To be a mindful traveler means many things. A person who is a mindful traveler is cognitive of the physical, spiritual, emotional, and economical changes that arises when they travel. Traveling has to do with more than pictures by famous architecture and tourist attractions, it positively and negatively affects those who may be affected by tourism and invaders of sacred lands. If a traveler is being guided by a tour guide through the city of Barcelona, then that tour guide may have that job which supports her or his family. However, tourism also affects gentrification, which boosts the cost of living. Even though Barcelona is a popular city, its economic standpoint is struggling and emphasis on tourism will not serve the people of Barcelona very well.
I think of myself as a mindful traveler because I am conscious about how my presence affects others viewpoints. An experience this past weekend gave me a deeper look into what it means to be a mindful traveler. A woman was ordering a sandwich from a popular food chain called Pans and Company. However, the cashier misinterpreted her order because his English was not the best. He then told her in Spanish that it was too hard for him to understand him. He pleaded to her that she must learn Spanish because this is Spain. Although this was very harsh words towards the woman, it reflects the difficult some locals may have with foreigners. Language is not just a barrier, but it is a way of life and for some, if people do not know the language they are insulting their culture.
The ways I become and reinforce being a mindful traveler is to not over compensate the reality of people in Spain. When people travel, they tend to stick to what they know from rumors, media, or other sources. They overly romanticize the area, region, or destination because they want to structure a “fantasy – like” world in their head for travel. Yet Slimbach exemplifies this as a social injustice to the culture because, ” [We] begin to ask ourselves why we find it easier to struggle for cultural understanding and social justice everywhere else but in our own neighborhoods. Is it because we are drawn to the exotic and glamorous over the familiar and mundane? Or is it because we expect that third world peoples abroad will be less likely to question our motives and more likely to solicit our “help” than those at home? Whatever the reason might be, at some point we must learn to measure our commitment to justice abroad against the walls of our own house.” It is clear to understand that even the most luxurious of destinations, Malaysia, India, Singapore have social and economic struggles. In order to defuse myself from these issues, I make myself aware of issue by reading the local news paper La Vangaurdia and El Pais. These newspapers give international and national stories for more insight into the trials and trivial of life in Spain. The stories I see in the news papers provide me a guide to being more than just a study abroad student, it gives me a temporary citizenship to be emotional affected by the same issues and concerns other Barcelona people are experiencing.

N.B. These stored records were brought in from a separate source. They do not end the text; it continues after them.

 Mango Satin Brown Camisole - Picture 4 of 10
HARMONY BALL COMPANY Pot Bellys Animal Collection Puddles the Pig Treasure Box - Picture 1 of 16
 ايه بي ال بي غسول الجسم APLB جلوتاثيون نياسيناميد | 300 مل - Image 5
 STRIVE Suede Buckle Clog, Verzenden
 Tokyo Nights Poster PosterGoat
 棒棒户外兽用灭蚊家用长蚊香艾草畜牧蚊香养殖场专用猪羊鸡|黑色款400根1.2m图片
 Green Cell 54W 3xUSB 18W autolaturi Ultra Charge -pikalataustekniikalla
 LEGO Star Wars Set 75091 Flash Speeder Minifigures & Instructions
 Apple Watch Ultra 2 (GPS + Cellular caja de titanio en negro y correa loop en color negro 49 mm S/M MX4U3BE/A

Slimbach mentions that there are many forks in the road when someone is presented with a new culture. One the best ways to get assimilated is through Spiritual Mindfulness. This type of Mindfulness allows a person to have personal interactions with locals, while also learning about themselves and how they are positioned in this Global Community. Slimbach states: “By generously serving alongside people of different faiths but like passion, we share in the difficult but deeply rewarding task of making the world a better place to live. This shared commitment also provides the context for thinking much more clearly about ourselves in relation to other people and the root issues affecting their lives.” As I am learning the language more and more, I appreciate the culture and respect why certain things happen. I have learned to adjust my behavior from separate and isolationist, to inviting and curious by talking to a local student and understanding her perspective. I use my mindfulness to enter into the incorporation phase by adding my American culture to my host town without impeding or changing it.
Lastly, I have added the photo here below of mindfulness.

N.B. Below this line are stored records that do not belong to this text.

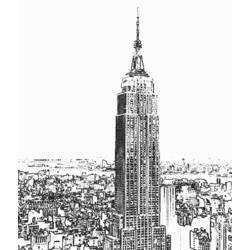 Раскраска: небоскреб (Здания и Архитектура) #65575 - Бесплатные раскраски для печати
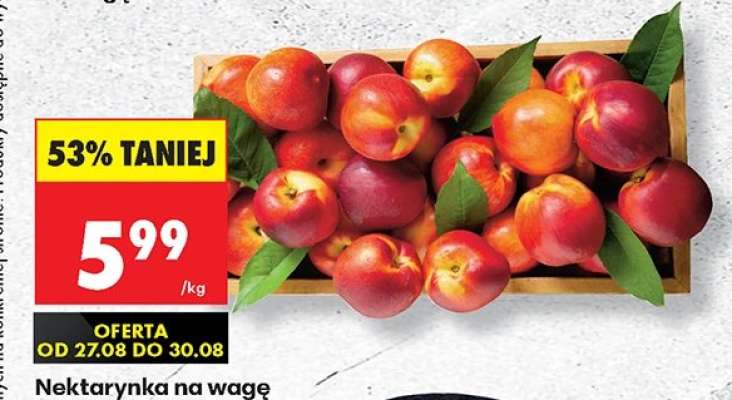 Nektarynka na wage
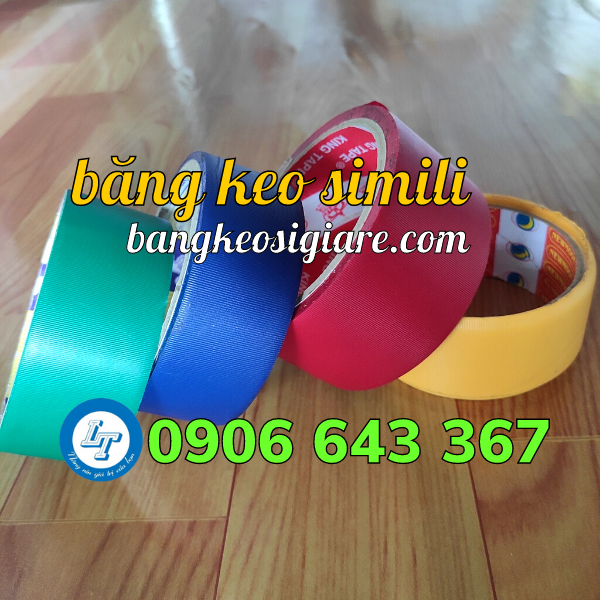 Băng keo nào dùng đóng gáy sách? Giá cả thế nào? băng keo simili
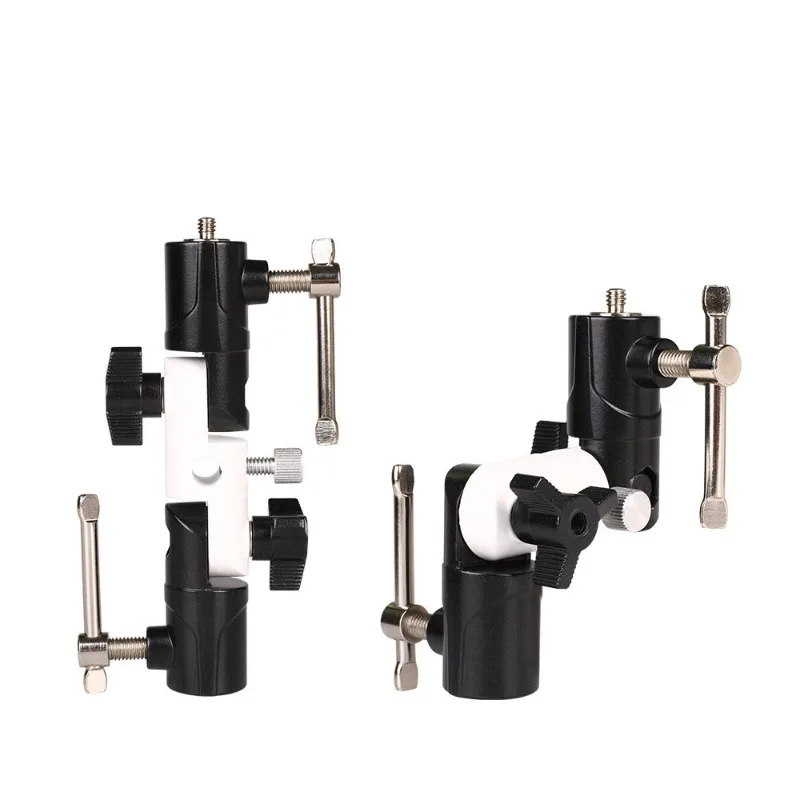 Three Independent Adjustable U-shaped Flash Holder Tripod Light Stand Integral Metal Lamp Holder Three-section Bracket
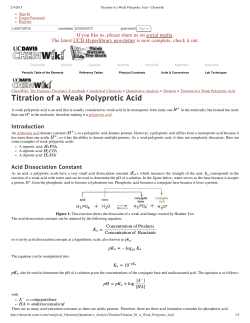 Titration of a Weak Polyprotic Acid - Chemwiki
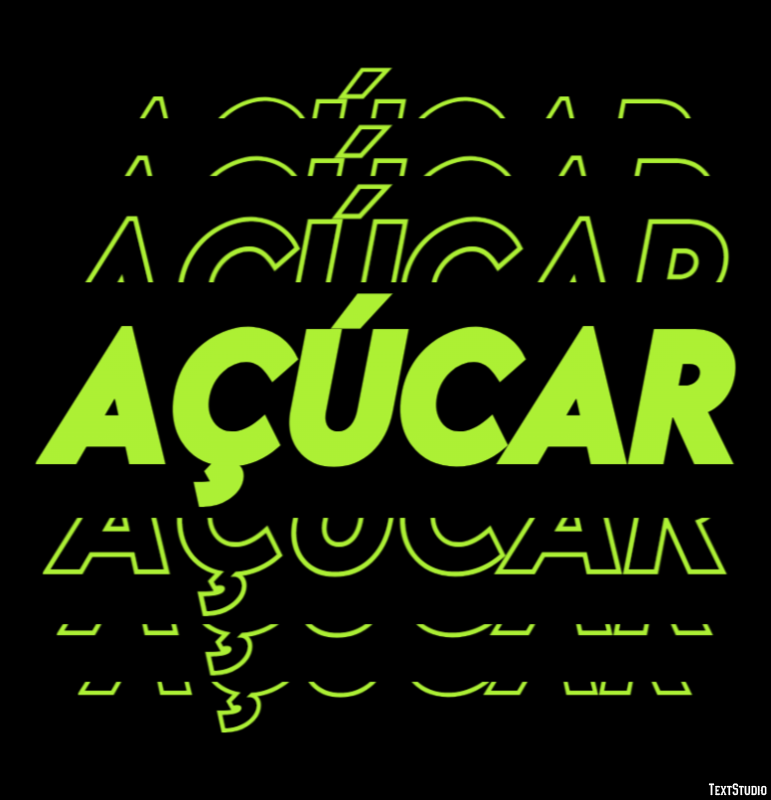 Açúcar Texteffekt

This picture is of Nelson Mandela and South African President F.W.DeKlerk agreeing to end apartheid. Aside from the historical significance of ending Apartheid, these two important figures represent mindfulness. They both agree that even though there are extreme differences between the two of them, they accept each other and respect each others opinions and thoughts. They both want to work together to preserve a union and agreement to make a place better. To me, this is what travelers should strive for. Not to take pictures and gloat to friends about their next trip; but to inspire other people to integrate cultures, learn from each other, and be mindful of everyones differences.
Slimbach, Richard (2012-03-12).Chapter 3. The Mindful Traveler. Becoming World Wise: A Guide to Global Learning (Kindle Locations 1790-1791). Stylus Publishing. Kindle Edition.